Therefore, neurosurgery still presents the initial and, in some cases, the only therapy for many brain tumors [4]. However, modern surgical treatment of brain tumors faces the most challenging practice conditions because of the nature and structure of the brain. In addition, distinguishing tumor tissue from normal brain parenchyma is difficult for neurosurgeons based on visual inspection alone [5]. Magnetic resonance imaging (MRI) is widely used as a common choice for diagnosing and evaluating the intraoperative treatment response of brain tumors [6]. Furthermore, MRI provides detailed images of the brain tumor cellularity, vascularity, and blood–brain barrier using different produced multimodal protocols such as T1-weighted, T2-weighted, and T2-FLAIR images. These various images provide information to neurosurgeons and can be valuable in diagnostics. However, interpreting these data during neurosurgery is a very challenging task and an appropriate visualization of lesion structure apart from healthy brain tissues is crucial [7].

Manual segmentation of the brain tumor is a vital procedure and needs a group of clinical experts to accurately define the location and the type of the tumor. Moreover, the process of lesion localization is very labor based and highly dependent on the physicians’ experience, skills, and their slice-by-slice decisions. Alternatively, automated computer-based segmentation methods present a good solution to save the surgeon’s time and to provide reliable and accurate results, while reducing the exerted efforts of experienced physicians to accomplish the procedures of diagnosis or evaluation for every single patient [8]. Formerly, numerous machine learning algorithms were developed for the segmentation of normal and abnormal brain tissues using MRI images [9]. However, choosing features that enable this operation to be fully automated is very challenging and requires a combination of computer engineering and medical expertise. Therefore, classical approaches depend heavily on the applied application and do not generalize well. Nevertheless, developing fully automated brain tumor methods is still challenging task, because malignant areas varied in terms of shape, size, and localization, and they can only be defined through the intensity changes relative to surrounding healthy cells.

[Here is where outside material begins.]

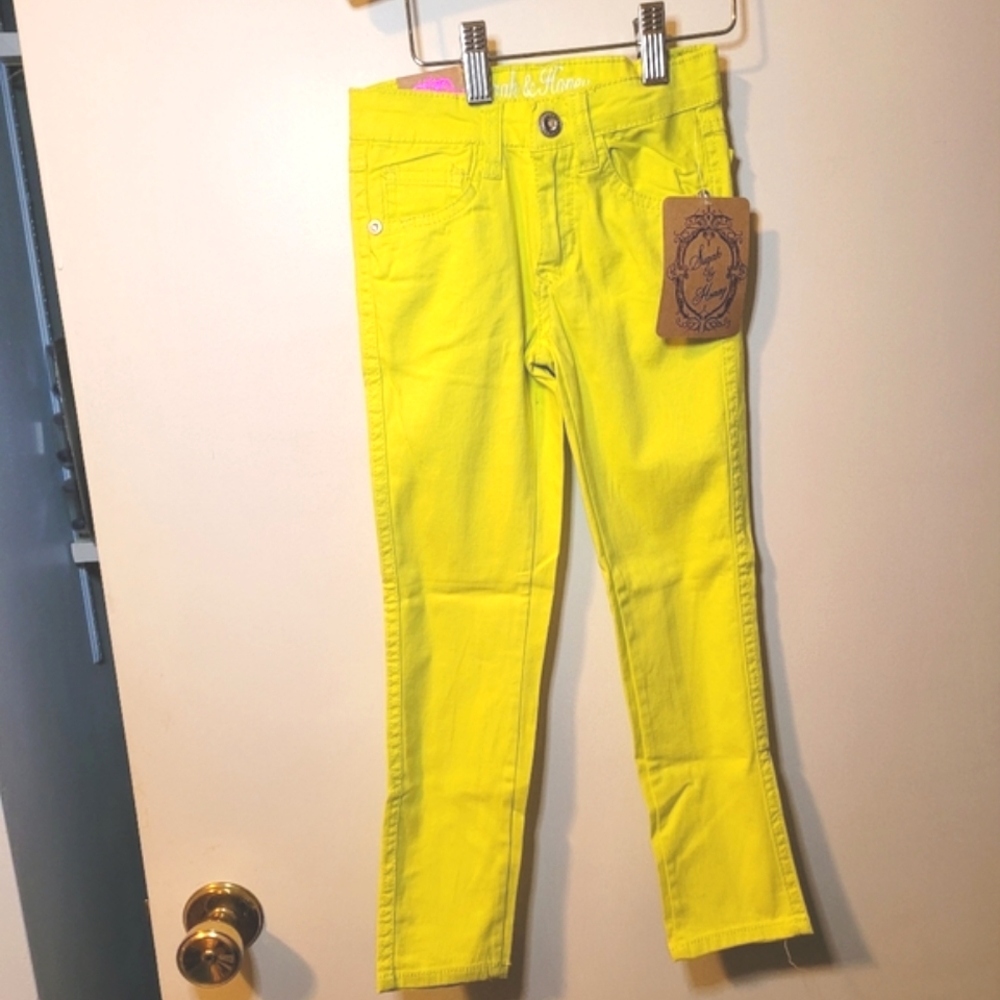 Sugar & Honey Neon Green Jeans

Recently, deep learning becomes an attractive field of machine learning that outperforms traditional computer vision algorithms in a wide range of applications such as object detection [10], semantic segmentation [11] as well as other applications such as navigation guidance [12]. Convolutional neural networks (CNNs) have proved during the ImageNet Large-Scale Visual Recognition Challenge (ILSVRC) [13] and their ability to accurately detect and localize different types of objects. In 2012, an advanced pretrained CNN model called AlexNet [14] showed the best results in the image classification challenge. Then, other CNN models have dominated the ILSVRC competition, namely visual geometry group network (VGGNet) [15], residual neural network (ResNet) [16], dense convolutional network (DenseNet) [17], Xception [18], MobileNet [19], NASNet [20], and MobileNetV2 [21]. Moreover, CNN methods have been applied to perform MRI tumor segmentation [22, 23].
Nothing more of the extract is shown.